By stunning coincidence these issues are all perfect wedge issues. Perfect for a campaign that is run on viral marketing tactics that achieve maximum effectiveness in the target markets with low cost as most of the awareness is generated from media sound bites. Most other brands in the market are still stumbling around these issues while the Greens have gone hard and long on them.
But where the Greens are weak, Labor and the Liberals are strong. The economy, governance, health, housing, education, policy formulation and development, municipal services, social and urban growth, and – yes – even roads are all key strengths of the major brands.
It is these issues that matter the most to the biggest slice of the market. There is a very good reason why over two thirds of the market voted for them, and that is they wanted those areas to be important to whoever governed.
And yet the Greens stagger in these areas like a baby taking their first steps. To be a viable alternative government, which surely the Greens want to be or else we need to wonder why it is they support Labor, they need to start pulling their socks up and get to work on the areas where the Coles and Woolies of Australian politics have the market to themselves.
Now is a good time. First target Labor. Why? ACT Labor is still recovering from the fallout from the Federal pre-selections for Canberra and Fraser. While Gai Brodtmann was always a good chance of winning, Andrew Leigh pulled off the Steven Bradbury of Australian politics and won when all others were too busy taking each other out to see the ANU economics professor sweep around from behind to take the win. Now the faction heavies are looking for some good ol’ fashioned payback to make amends for what happened.
So with the knives and guns out, Chief Minister Jon Stanhope has had no other choice but to stay on till early 2011 when Katy Gallagher finally takes the reins. Not that he has had a bad 2010. In fact he’s had some nice wins this year to the point where he could miss a sitting week or two and still look relaxed.
But this is where the Greens can take advantage of a brand that has reached the end of its life-cycle. To get five or more seats at the next election they need to take market share first from Labor, not the Liberals. It’s possible, too. If they steal the title of brand pioneers in some of Labor’s key strengths, such as public housing, health, education and even industrial relations, before Gallagher takes over from Stanhope they may just start to establish beachheads in these areas well before the next election.
But they must act now, and in areas that won’t stretch their own brand too much. The Labor brand will be strong by the time of the next election in 2012, being one of renewal, youth, energy and passion. The dynamic duo of Katy Gallagher and Andrew Barr appeal to a good cross section of the ACT market. The Greens will find it hard to take market share from the Labor brand of 2012. They need to take it from the Labor brand of 2010.

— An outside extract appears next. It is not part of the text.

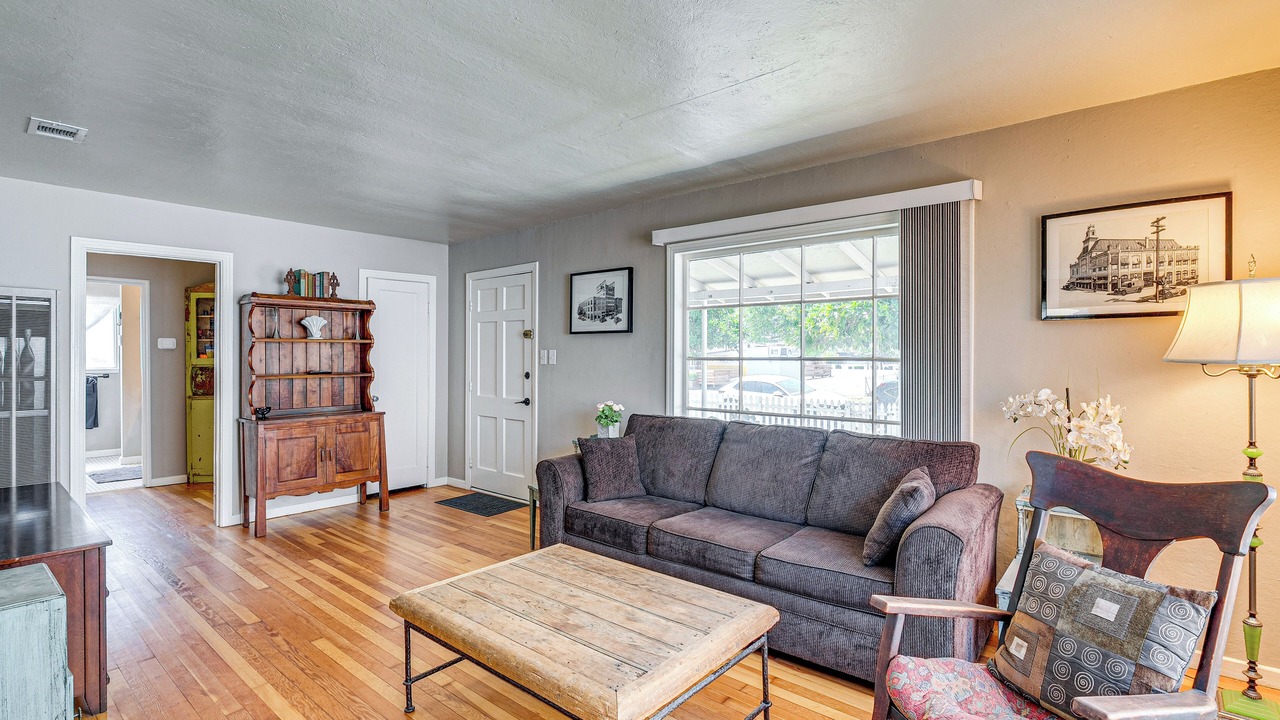 Photo of Bedroom in Sacramento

Their campaigning style needs to change, too. If they want to be taken seriously as a viable alternative government, then act like one. They need to show responsibility and maturity in areas where they do have some strengths, such as public transport and the environment. Yes, more buses, bike paths and green initiatives are needed in the ACT but Canberrans love their cars.
Road maintenance and development is a big part of the ACT Budget in 2010, least not because of the debacle that was and is the GDE development process, and yet the Greens still use the outdated approach to policy that one day we, too, will be like Amsterdam and all ride bicycles. Not the right approach when the majority of the market now spend one precious hour a day in a car going from A to B.
The choice for the Greens is either they can take the bike path to success and keep on hoping that eventually, because they are Green, more people will vote for them; or they can get on the highway and give winning power in 2012 a serious shake.